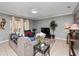 Comfortable living room with tiled floors and access to patio at 8876 Candy Palm Rd, Kissimmee, FL 34747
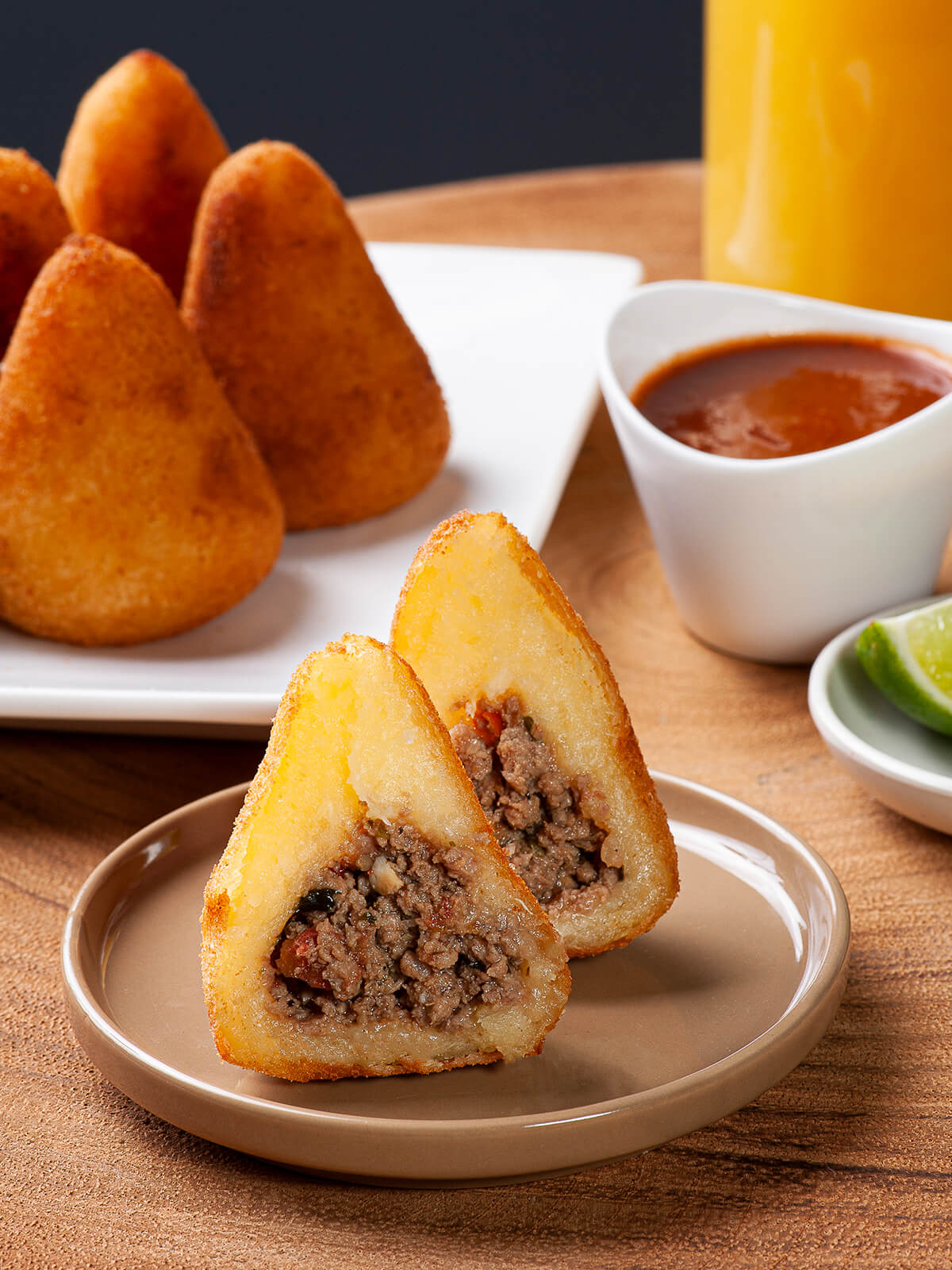 Aufgeschnittene brasilianische Coxinha in Tropfenform mit krümeliger Rinderhackfüllung, goldbraun frittiert, daneben scharfer roter Dip und Orangensaft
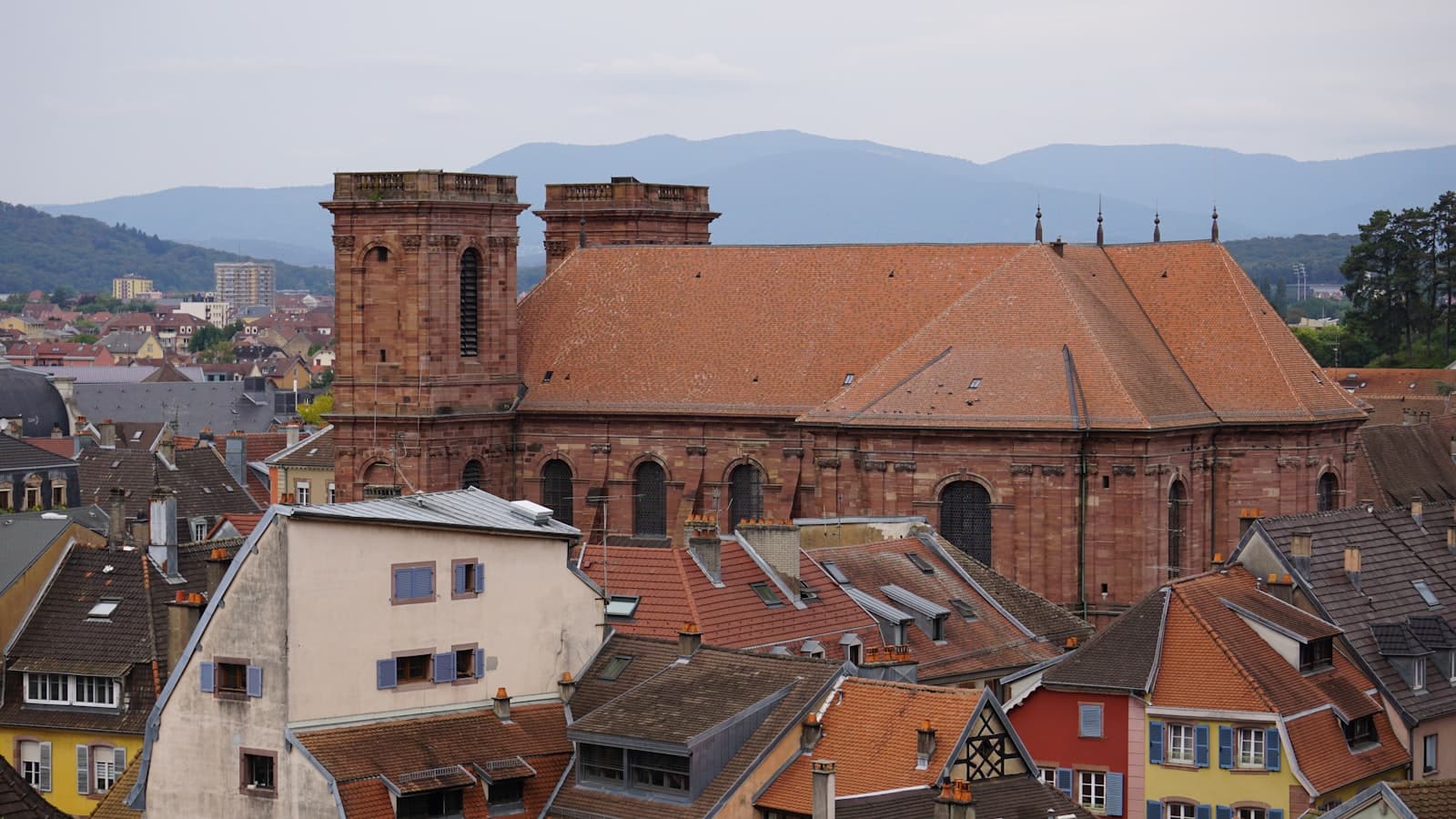 Belfort — A view of a city with a church in the background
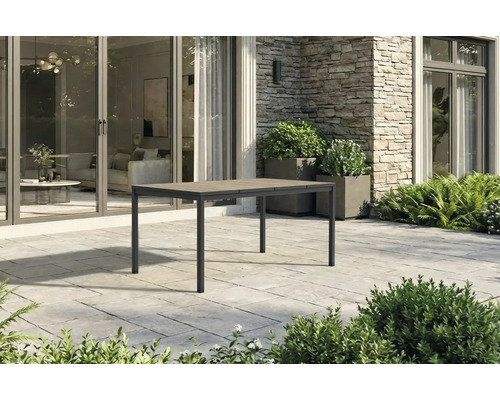 Table de jardin rectangulaire moderne avec cadre en métal et plateau aspect bois sur une terrasse en pierre devant une maison.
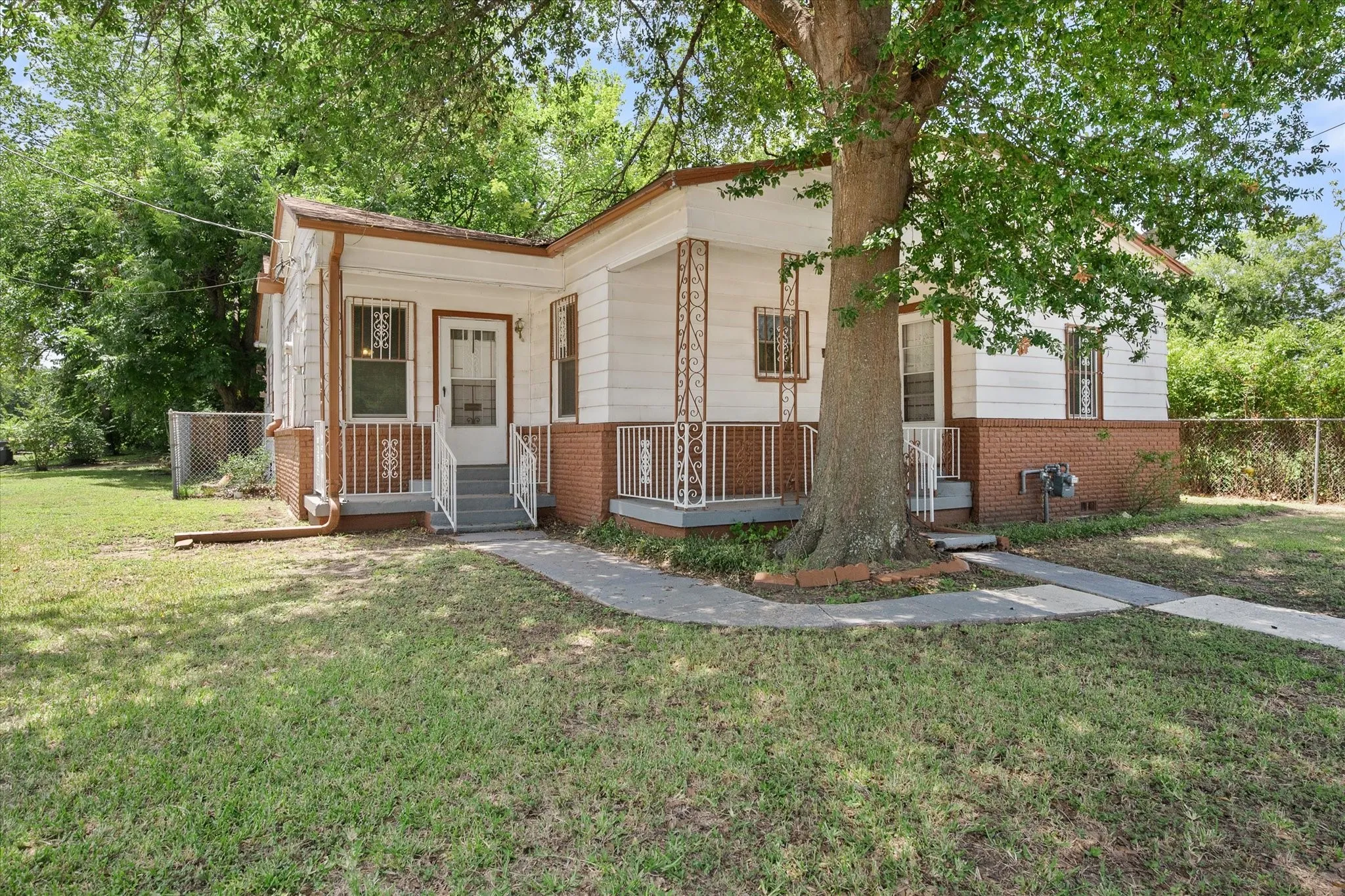 The front walkway connects multiple entrances, reflecting the property’s former duplex configuration and future conversion possibilities.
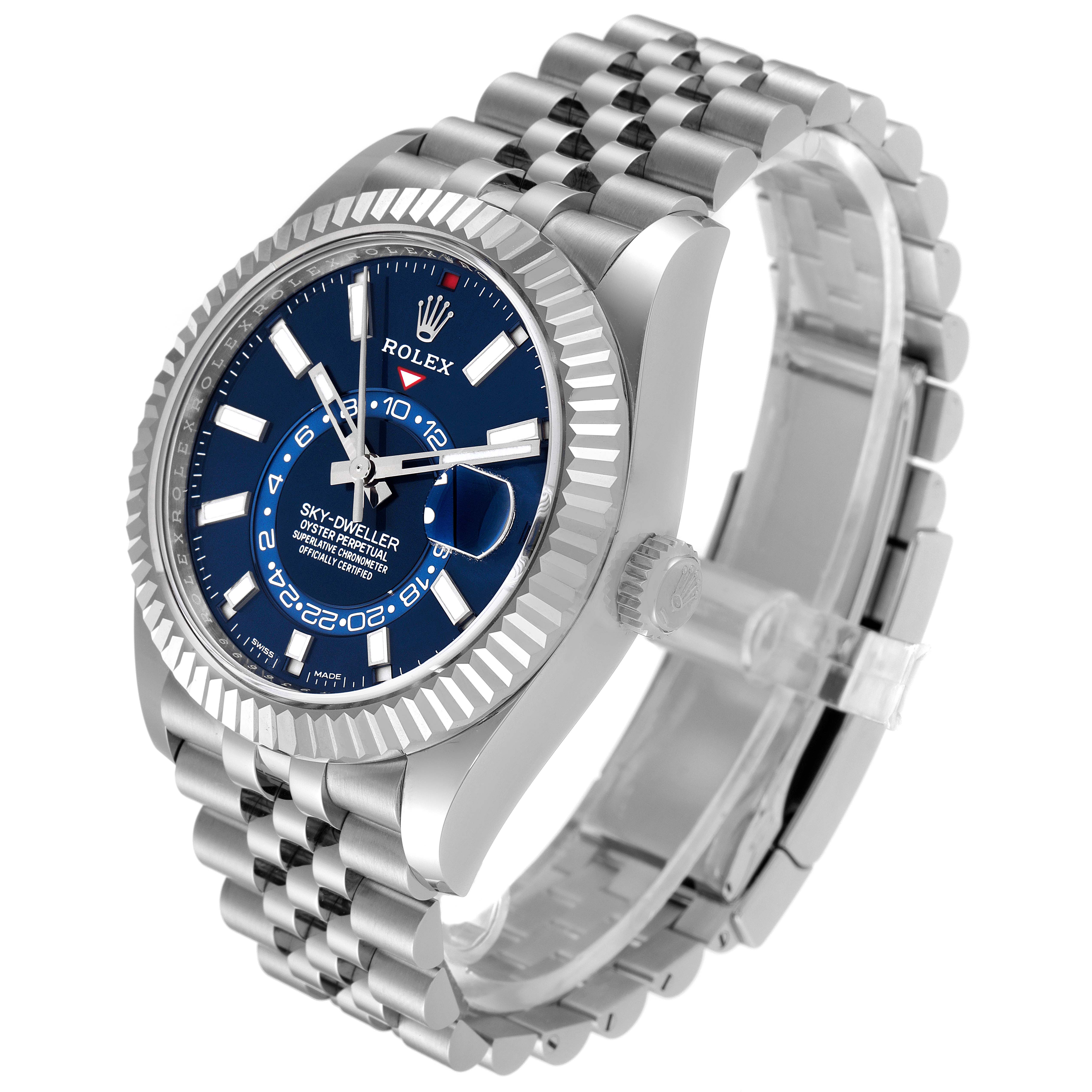 The Sky-Dweller model by Rolex is shown at an angle displaying the blue dial, fluted bezel, and Jubilee bracelet.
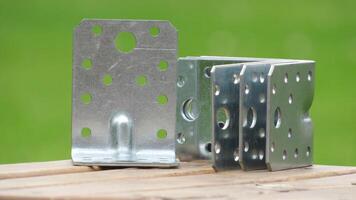 Metal brackets on wooden surface under natural lighting suitable for construction and assembly projects photo
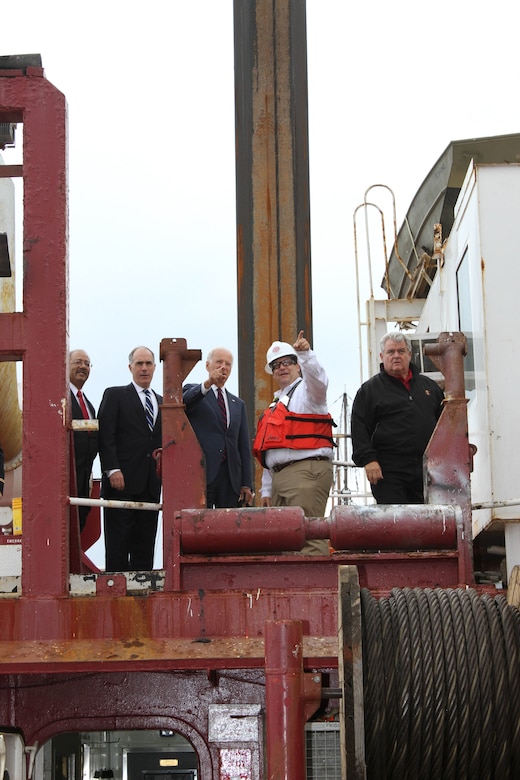 Great Lakes Dredge & Dock Company Project Manager Brian Puckett explains dredging operations to Vice President Joe Biden, Senator Bob Casey, Congressman Bob Brady and Congressman Chaka Fattah during an Oct 16 event. Leaders were briefed on the Delaware River Main Channel Deepening Project and toured the Dredge 54 at Penn's Landing in Philadelphia.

WHAT THE EXERCISE ASKS: Without including any picture, write out the material above exactly.

THE COMPLETED TASK:
 Comfortable living room with tiled floors and access to patio at 8876 Candy Palm Rd, Kissimmee, FL 34747
 Aufgeschnittene brasilianische Coxinha in Tropfenform mit krümeliger Rinderhackfüllung, goldbraun frittiert, daneben scharfer roter Dip und Orangensaft
 Belfort — A view of a city with a church in the background
 Table de jardin rectangulaire moderne avec cadre en métal et plateau aspect bois sur une terrasse en pierre devant une maison.
 The front walkway connects multiple entrances, reflecting the property’s former duplex configuration and future conversion possibilities.
 The Sky-Dweller model by Rolex is shown at an angle displaying the blue dial, fluted bezel, and Jubilee bracelet.
 Metal brackets on wooden surface under natural lighting suitable for construction and assembly projects photo
 Great Lakes Dredge & Dock Company Project Manager Brian Puckett explains dredging operations to Vice President Joe Biden, Senator Bob Casey, Congressman Bob Brady and Congressman Chaka Fattah during an Oct 16 event. Leaders were briefed on the Delaware River Main Channel Deepening Project and toured the Dredge 54 at Penn's Landing in Philadelphia.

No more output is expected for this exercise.